**WHAT THE TASK ASKS**
Could every line below be transcribed exactly, with the pictures dropped?

**ENTRIES SHOWN**
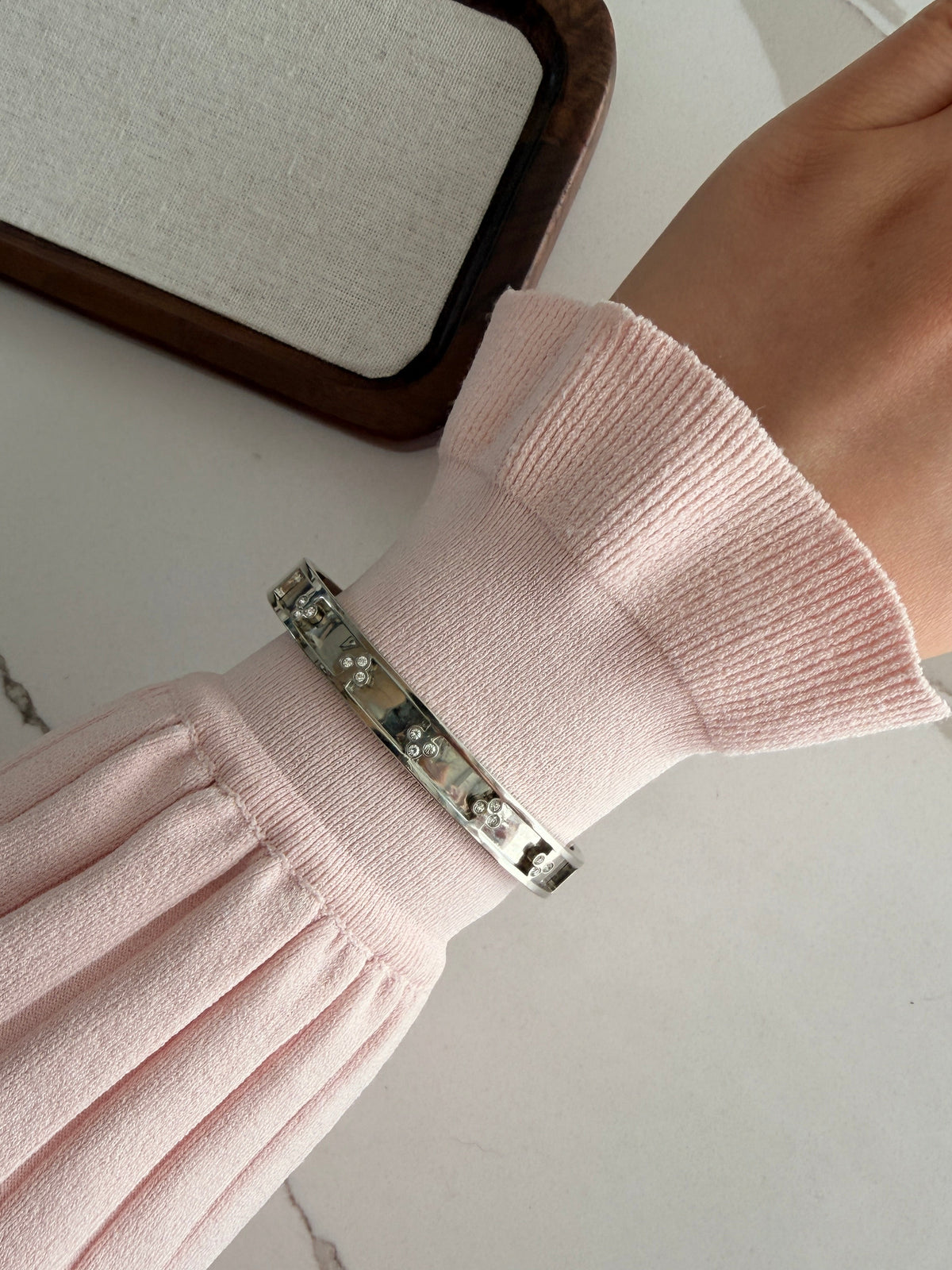 Clover Band Cuff Bangle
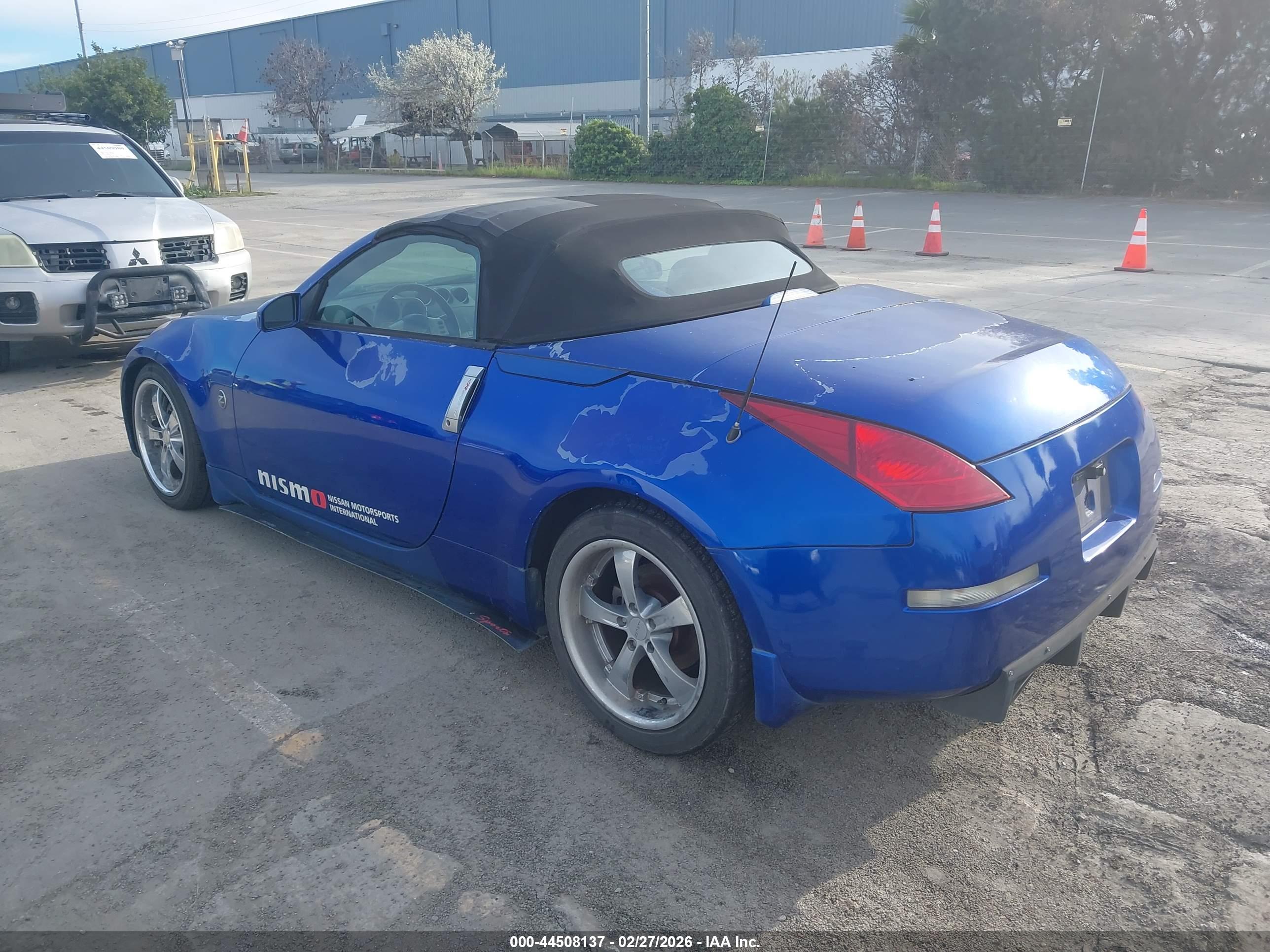 NISSAN 350Z image 3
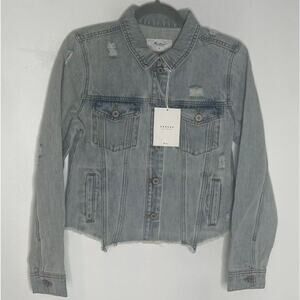 NWT kancan Cropped Distressed Denim‎ Jacket Size Small Raw Hem Light Wash Jean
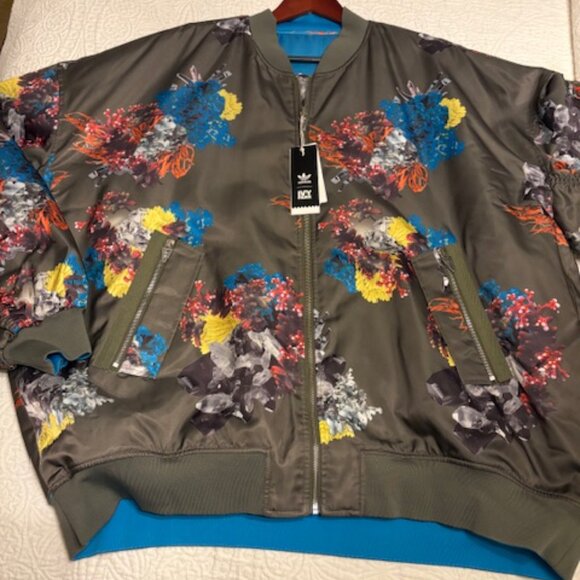 adidas x Ivy Park Reversible Jacket - size LARGE - Picture 9 of 9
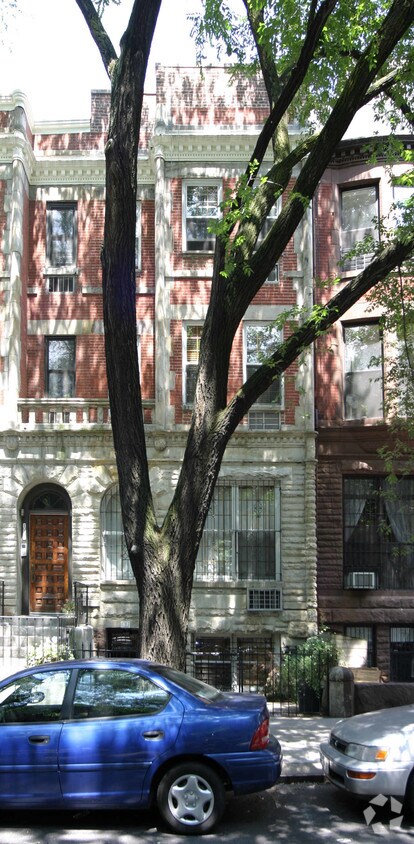 Building Photo - 127 W 95th St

**EXPECTED ANSWER**
 Clover Band Cuff Bangle
 NISSAN 350Z image 3
 NWT kancan Cropped Distressed Denim‎ Jacket Size Small Raw Hem Light Wash Jean
 adidas x Ivy Park Reversible Jacket - size LARGE - Picture 9 of 9
 Building Photo - 127 W 95th St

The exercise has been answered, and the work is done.